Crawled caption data
"""

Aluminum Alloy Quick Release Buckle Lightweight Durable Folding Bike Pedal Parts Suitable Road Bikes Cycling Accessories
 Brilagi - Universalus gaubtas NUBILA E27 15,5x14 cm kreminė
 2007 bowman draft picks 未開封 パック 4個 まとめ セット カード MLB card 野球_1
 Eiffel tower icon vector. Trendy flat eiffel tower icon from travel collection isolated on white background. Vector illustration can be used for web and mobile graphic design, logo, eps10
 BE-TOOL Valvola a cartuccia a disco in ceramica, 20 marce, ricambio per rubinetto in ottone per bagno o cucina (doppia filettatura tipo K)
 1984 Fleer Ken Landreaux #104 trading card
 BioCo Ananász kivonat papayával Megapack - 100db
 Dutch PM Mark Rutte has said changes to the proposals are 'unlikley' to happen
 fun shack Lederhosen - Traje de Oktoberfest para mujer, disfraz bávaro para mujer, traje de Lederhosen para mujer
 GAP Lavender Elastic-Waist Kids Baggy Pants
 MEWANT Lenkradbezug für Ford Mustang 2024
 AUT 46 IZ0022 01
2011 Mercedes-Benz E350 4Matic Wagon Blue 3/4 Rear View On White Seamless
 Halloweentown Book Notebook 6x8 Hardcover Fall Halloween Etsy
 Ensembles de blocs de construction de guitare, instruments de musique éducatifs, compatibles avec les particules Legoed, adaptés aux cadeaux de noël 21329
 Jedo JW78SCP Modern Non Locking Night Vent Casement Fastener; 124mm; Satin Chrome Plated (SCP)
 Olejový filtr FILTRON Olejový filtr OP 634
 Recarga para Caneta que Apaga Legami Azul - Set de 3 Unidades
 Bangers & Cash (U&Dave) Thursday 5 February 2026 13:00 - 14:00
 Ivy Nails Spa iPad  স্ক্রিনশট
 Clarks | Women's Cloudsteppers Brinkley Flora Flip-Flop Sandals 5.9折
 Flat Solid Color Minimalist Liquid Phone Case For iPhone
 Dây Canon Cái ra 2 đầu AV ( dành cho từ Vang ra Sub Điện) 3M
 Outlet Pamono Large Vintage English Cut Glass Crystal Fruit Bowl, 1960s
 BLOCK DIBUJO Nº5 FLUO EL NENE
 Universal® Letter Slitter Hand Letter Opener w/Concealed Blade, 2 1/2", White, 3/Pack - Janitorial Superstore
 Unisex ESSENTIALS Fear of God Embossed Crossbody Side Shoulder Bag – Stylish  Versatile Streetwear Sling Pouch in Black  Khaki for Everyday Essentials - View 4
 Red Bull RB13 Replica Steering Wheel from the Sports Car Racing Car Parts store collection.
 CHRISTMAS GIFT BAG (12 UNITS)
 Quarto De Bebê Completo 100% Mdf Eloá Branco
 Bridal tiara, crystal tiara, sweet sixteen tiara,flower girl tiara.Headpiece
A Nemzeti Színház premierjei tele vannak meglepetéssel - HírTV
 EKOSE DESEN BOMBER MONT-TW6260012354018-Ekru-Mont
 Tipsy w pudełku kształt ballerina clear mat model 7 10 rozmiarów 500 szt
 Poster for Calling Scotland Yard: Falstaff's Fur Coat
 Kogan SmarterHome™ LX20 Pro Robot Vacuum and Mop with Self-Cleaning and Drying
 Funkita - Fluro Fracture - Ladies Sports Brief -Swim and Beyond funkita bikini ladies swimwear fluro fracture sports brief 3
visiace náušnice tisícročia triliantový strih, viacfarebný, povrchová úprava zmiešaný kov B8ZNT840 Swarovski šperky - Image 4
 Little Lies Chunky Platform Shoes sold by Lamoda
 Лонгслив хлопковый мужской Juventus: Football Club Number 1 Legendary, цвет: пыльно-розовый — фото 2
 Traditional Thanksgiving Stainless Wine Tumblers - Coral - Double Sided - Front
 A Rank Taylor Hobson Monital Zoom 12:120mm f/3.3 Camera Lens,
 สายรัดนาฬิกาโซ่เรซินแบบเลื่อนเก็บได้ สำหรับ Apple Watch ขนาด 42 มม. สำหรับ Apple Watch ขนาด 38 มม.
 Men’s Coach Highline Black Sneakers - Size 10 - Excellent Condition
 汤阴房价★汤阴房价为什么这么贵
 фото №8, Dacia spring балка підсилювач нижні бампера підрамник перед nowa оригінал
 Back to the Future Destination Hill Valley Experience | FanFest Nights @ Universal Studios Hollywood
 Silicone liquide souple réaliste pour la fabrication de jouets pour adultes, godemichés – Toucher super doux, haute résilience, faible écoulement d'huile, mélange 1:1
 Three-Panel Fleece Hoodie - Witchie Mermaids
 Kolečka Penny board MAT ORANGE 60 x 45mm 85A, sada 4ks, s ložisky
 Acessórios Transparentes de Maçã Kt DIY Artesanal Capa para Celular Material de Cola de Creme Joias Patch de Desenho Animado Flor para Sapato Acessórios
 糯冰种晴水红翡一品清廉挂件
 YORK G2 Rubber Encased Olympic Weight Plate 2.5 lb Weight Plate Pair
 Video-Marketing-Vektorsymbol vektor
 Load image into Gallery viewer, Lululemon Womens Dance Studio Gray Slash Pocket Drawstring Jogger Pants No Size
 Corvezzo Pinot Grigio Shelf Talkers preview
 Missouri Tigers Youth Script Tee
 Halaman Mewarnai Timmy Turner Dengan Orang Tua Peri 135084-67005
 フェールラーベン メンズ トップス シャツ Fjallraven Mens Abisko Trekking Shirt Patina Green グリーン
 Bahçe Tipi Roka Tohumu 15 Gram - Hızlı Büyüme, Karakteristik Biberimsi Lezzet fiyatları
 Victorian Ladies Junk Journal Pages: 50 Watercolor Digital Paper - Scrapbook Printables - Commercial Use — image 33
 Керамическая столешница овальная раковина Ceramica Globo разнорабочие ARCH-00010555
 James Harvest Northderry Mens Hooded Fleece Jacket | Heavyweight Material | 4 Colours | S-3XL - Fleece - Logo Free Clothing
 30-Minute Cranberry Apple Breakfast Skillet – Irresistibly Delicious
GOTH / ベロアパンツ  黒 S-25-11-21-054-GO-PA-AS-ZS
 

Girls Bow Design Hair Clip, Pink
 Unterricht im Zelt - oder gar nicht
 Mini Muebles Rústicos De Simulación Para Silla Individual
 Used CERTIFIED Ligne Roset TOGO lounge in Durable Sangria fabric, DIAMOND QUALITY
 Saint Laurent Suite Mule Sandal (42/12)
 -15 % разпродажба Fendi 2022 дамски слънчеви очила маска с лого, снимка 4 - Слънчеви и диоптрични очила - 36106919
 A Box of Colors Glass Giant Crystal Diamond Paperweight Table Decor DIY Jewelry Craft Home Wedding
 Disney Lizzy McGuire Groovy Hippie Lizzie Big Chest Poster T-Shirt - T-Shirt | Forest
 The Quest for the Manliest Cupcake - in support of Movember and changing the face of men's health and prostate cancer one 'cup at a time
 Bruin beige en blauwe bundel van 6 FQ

"""

Each line of the records that holds the word "Parts" should be copied out.

Aluminum Alloy Quick Release Buckle Lightweight Durable Folding Bike Pedal Parts Suitable Road Bikes Cycling Accessories
 Red Bull RB13 Replica Steering Wheel from the Sports Car Racing Car Parts store collection.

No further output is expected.